Никто из них не был знаком лично с главной звездой Запада – Кулбрисом. Тот славился тем, что редко выезжал за пределы территории, никогда не присутствовал лично на конференциях и неоднократно заявлял, что настоящему органику незачем отвлекаться на жизнь. Работа органика и есть жизнь.
– Я удивлен, что у него вообще был какой-то дом, – удивился Полоз. – Полагал, что он живет в офисе, как пальма в горшке.
– Я тоже, – поддержал его Бином. – Мы, конечно, лезем не в свое дело, но его точно опознали? Как-то странно это всё.
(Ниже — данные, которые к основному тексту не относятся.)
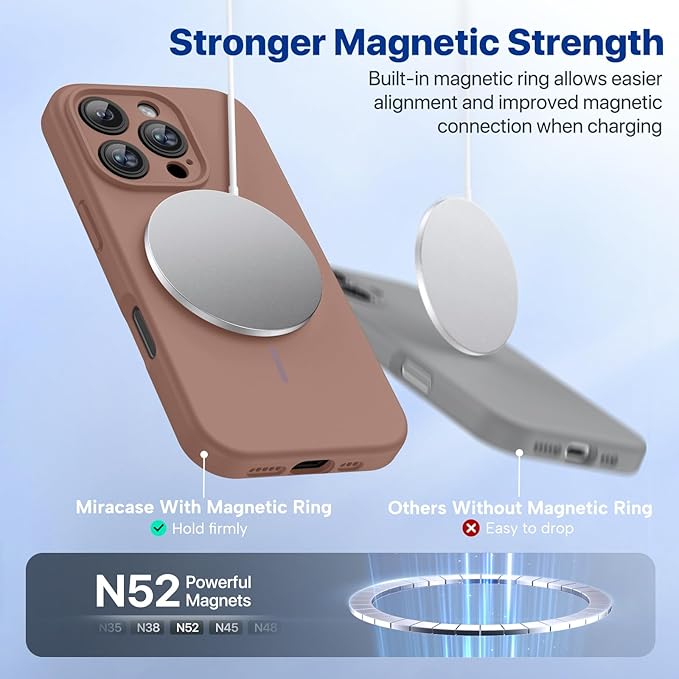 Miracase Magnetic for iPhone 16 Pro Max Case, [Soft Anti-Scratch Microfiber Lining], Compatible with MagSafe, Liquid Silicone Case Shockproof Drop Protection Phone Case for 16 ProMax,Chocolate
– Вот здесь, как я понял, есть вопросы. Похороны прошли тайно, расследование засекречено. Я бы не удивился, если бы Кулбрис инсценировал своей убийство и скрылся во льдах Антарктиды, потому что низкие температуры способствуют мыслительному процессу. С него станется.
– Так-то у него для этих целей и Гренландия есть.
– Да, но он всегда смотрел в сторону Антарктиды. Помню, как он отозвался на одну из инициатив Юга, что это так же бессмысленно, как душить пингвина. Южане тогда страшно обиделись.
– А что за инициатива была?
– Продавать настольные карточные игры для обучения детей основам органики. И субсидировать их из бюджетов Министерств образования. Мы тоже тогда забраковали, хотя и в менее красочных выражениях.
– Ну что же, – подвел итог встречи Седов. – Чтобы там ни случилось, нам надо продолжать работать.
* * *
Наверное, это было глупо. Надеяться, что я с полпинка научусь работать в команде. Только сейчас я оценил такт Тиля, с которым мы держали мастерскую, и который никогда не лез мне под руку, давал посильные поручения Скифу и отслеживал, кого из клиентов можно допускать ко мне, а кого нет. Я ведь нечасто сам принимал заказы и общался далеко не со всеми, хотя общее представление, конечно, имел.
Вот сейчас Хмарь смотрит на меня из-под своей рваной челки. Вполне дружелюбно смотрит, между прочим, но я не знаю, что ей сказать. Что предлагал Швед? Подумать о другого человека? Как это сделать-то?
Я вздохнул.
– Может, чаю пойдем попьем? Внизу кухню сделали. Для сотрудников, – предложила Хмарь.
– Не знал. Пошли. Все равно я пока не знаю, как объяснить…
Мы спустились вниз. Судя по тому, что выглядела кухня чуть более обжитой, чем операционная, сделали ее только что. Одновременно с нашей комнатой. Я посмотрел на уровень воды в чайнике и ткнул на кнопку. Тот засветился синим весь целиком.
– Вот ужас-то, – заметила Хмарь. – Как будто кто-то красочки нам решил сварить.
– Надеюсь, там вода, – улыбнулся я.
– Что же еще там может быть? – заволновалась Хмарь.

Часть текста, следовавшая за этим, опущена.